CatBoost best score = 39.00000000002088
LightGbm best score = 64.00000000003571
XgBoost best score = 51.99999999989377
AdaBoost best score = 65.99999999983409
LogisticRegression best score = 67.99999999985357


In [74]:
params_lgb

{'boosting': 'goss',
 'learning_rate': 0.1,
 'max_depth': 1,
 'num_iterations': 1500,
 'num_leaves': 20}

# MODEL_TESTING

In [92]:
skf = StratifiedKFold(n_splits=5)
accuracy, score, f1 = [], [], []
for train_index, test_index in skf.split(X, y):
    X_train, X_test = X.iloc[train_index, :], X.iloc[test_index, :]
    y_train, y_test = y.iloc[train_index], y.iloc[test_index]
    
    clf = LogisticRegression(**params_log_reg)
    clf.fit(X_train, y_train)
    y_pred_log_reg = np.array(clf.predict(X_test))
    
    clf = XGBClassifier(**params_xg_boost)
    clf.fit(X_train, y_train)
    y_pred_xg = np.array(clf.predict(X_test))
    
    clf = AdaBoostClassifier(**params_ada)
    clf.fit(X_train, y_train)
    y_pred_ada = np.array(clf.predict(X_test))
    
    clf = CatBoostClassifier(**params_cat)
    clf.fit(X_train, y_train)
    y_pred_cat = np.array(clf.predict(X_test))
    
    clf = lgb.LGBMClassifier(**params_lgb)
    clf.fit(X_train, y_train)
    y_pred_lgb = np.array(clf.predict(X_test))
    
    
    y_pred = []
    for i in range(len(y_pred_cat)):
        temp_prediction = [float(y_pred_log_reg[i]), float(y_pred_xg[i]), float(y_pred_lgb[i]), float(y_pred_ada[i]), float(y_pred_cat[i])]
        y_pred.append(most_common(temp_prediction))
    tn, fp, fn, tp = confusion_matrix(y_test, y_pred).ravel()

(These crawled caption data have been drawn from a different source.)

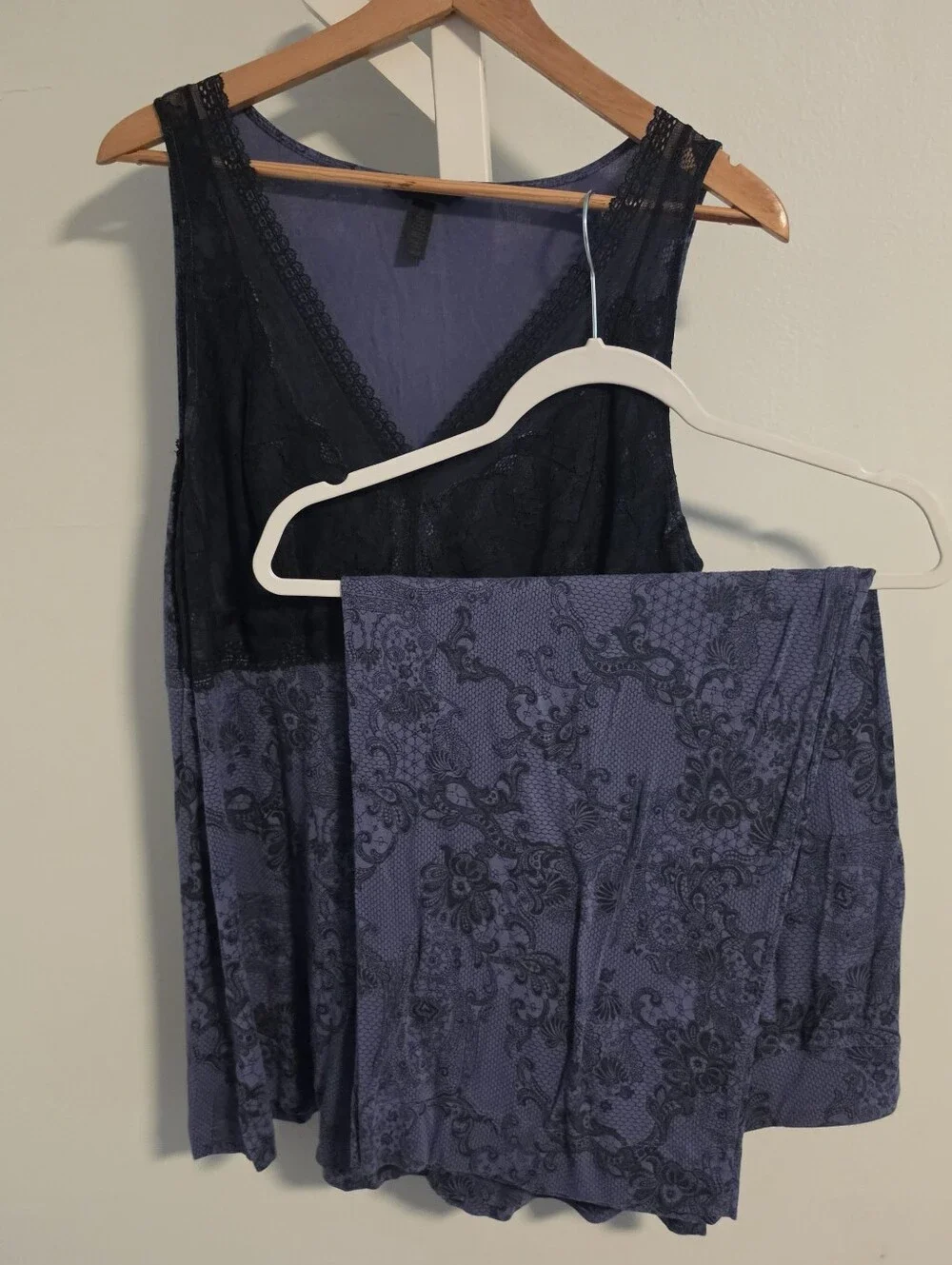 Soma Cool Nights Lace Trim Pajama Set Navy Purple Black Lace Print Large
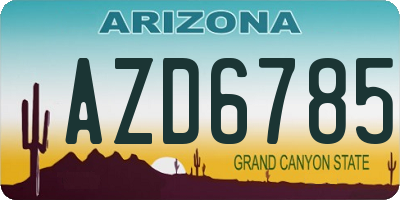 AZ license plate AZD6785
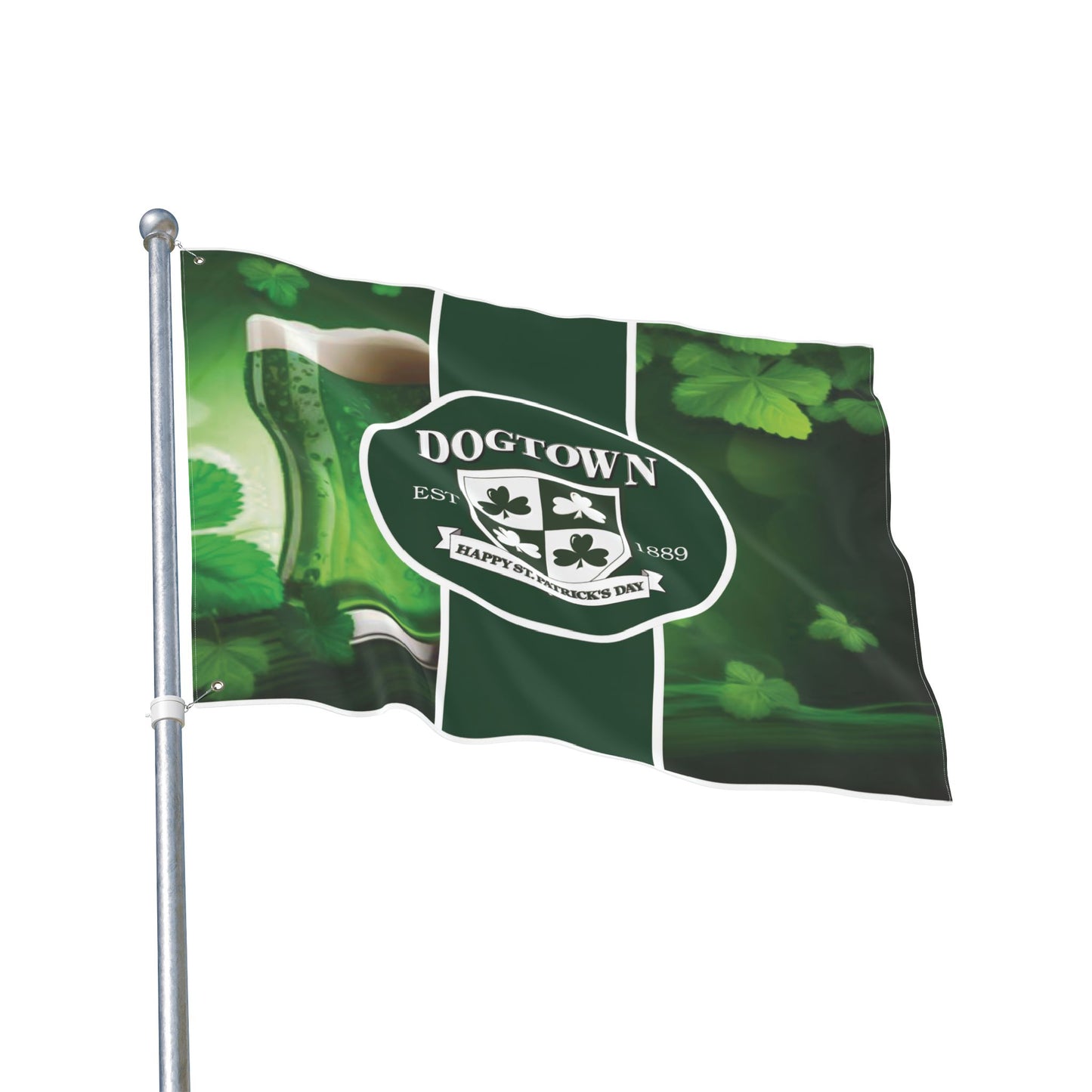 Double Sided Flag- Dogtown Neighborhood St Patrick's Day Printify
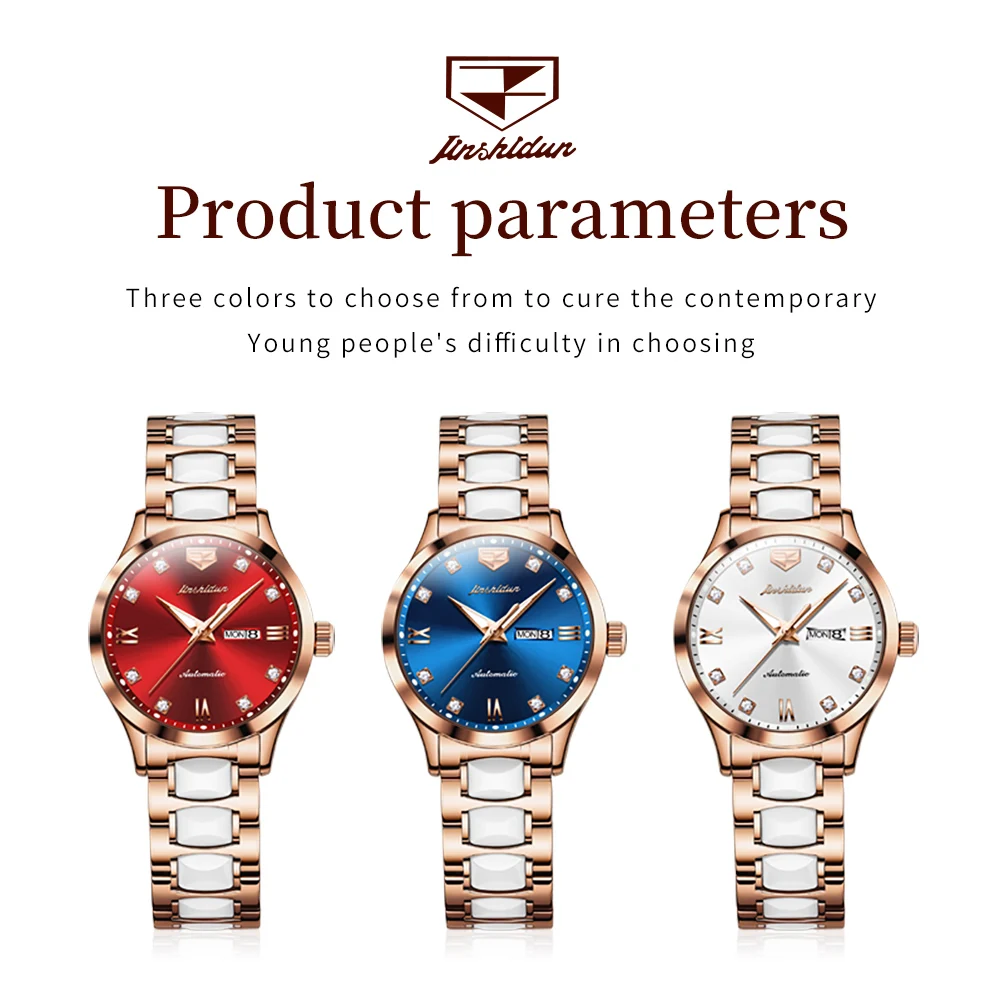 jsdun 8947 elegance woman watches fashion mechanical watch for women ceramic strap dual calendar waterproof luminous wristwatch JSDUN 8947 Elegance Woman Watches Fashion Mechanical Watch For Women Ceramic Strap Dual Calendar Waterproof Luminous Wristwatch 6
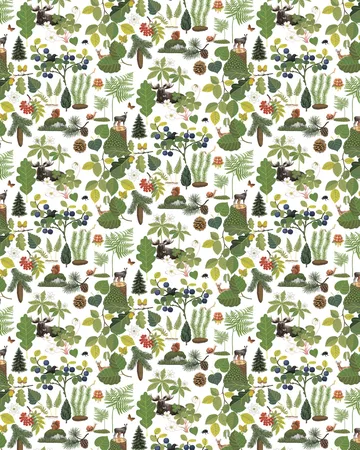 Tissu Skogsliv - Vert - Arvidssons Textil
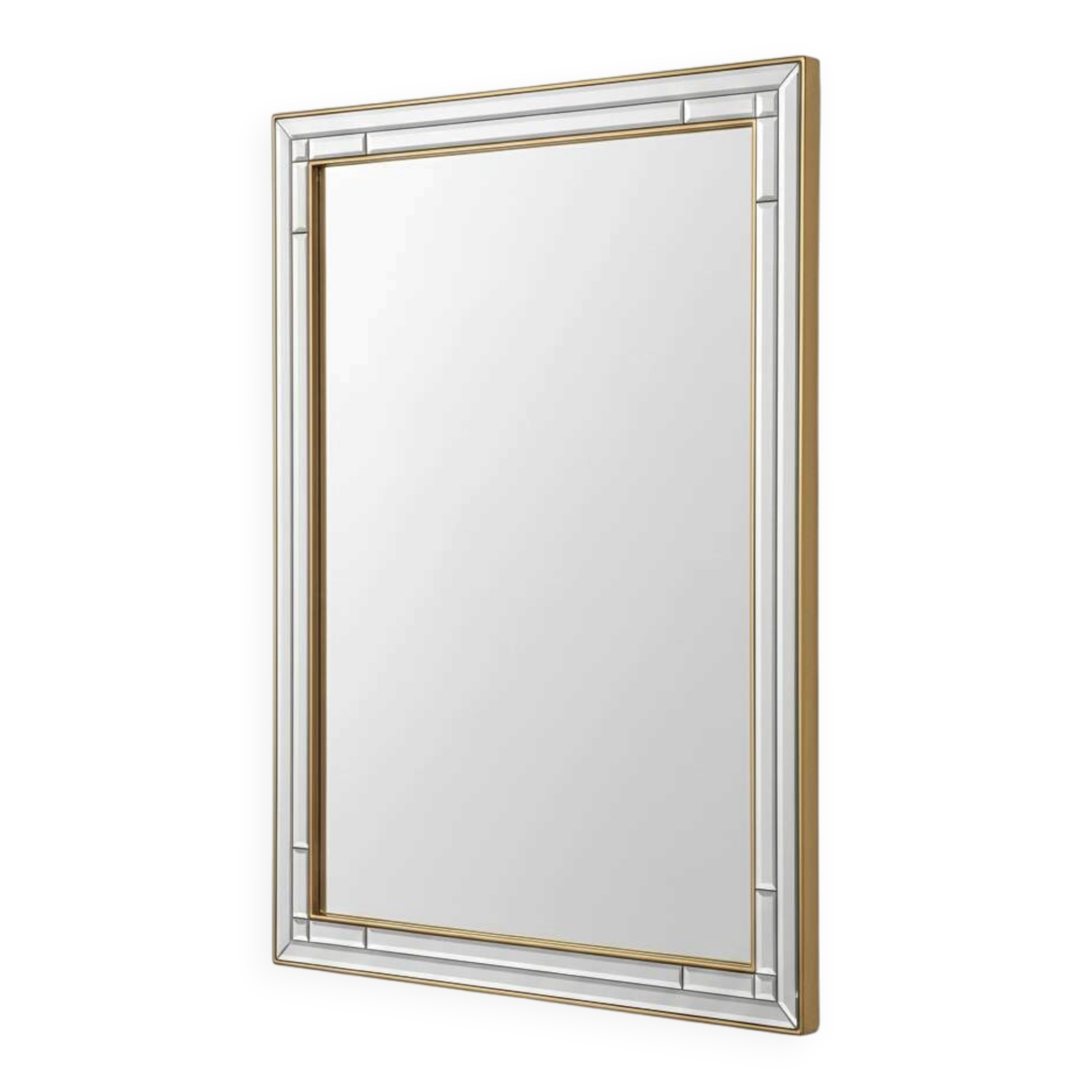 Miroir mural biseauté filet or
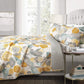 Bedroom > Quilts & Blankets - 3 Piece Reversible Yellow Grey Floral Cotton Quilt Set In King Size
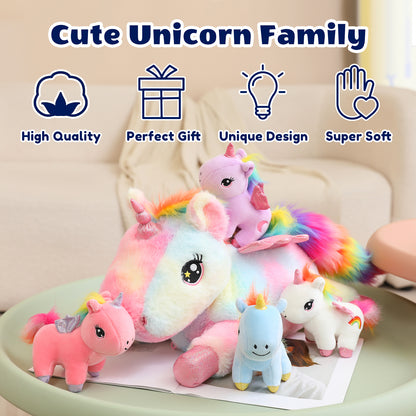 SQEQE unicorn stuffed animal with babies arranged in a complete unicorn plush family display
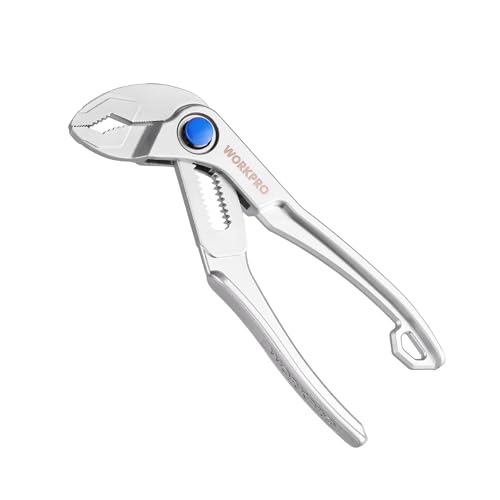 image for WORKPRO Mini Water Pump Pliers, 4-Inch Groove Joint Pliers, Fast Adjus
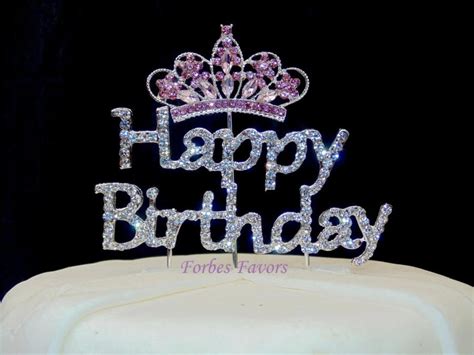 Silver Rhinestone Happy Birthday With Pink Rhinestone Princess Crown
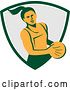 Vector Clip Art of Retro Female Netball Player Emerging from a Green White and Gray Shield by Patrimonio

    accuracy.append(accuracy_score(y_test, y_pred))
    score.append(score_function(tp,fp,fn,tn))
    f1.append(f1_score(y_test, y_pred))

print('Mean Score = {0}'.format(np.mean(score)))
print('Mean Accuracy = {0}'.format(np.mean(accuracy)))
print('Mean F1_score = {0}'.format(np.mean(f1)))

Mean Score = 65.0
Mean Accuracy = 0.9920156028368794
Mean F1_score = 0.9233022533022532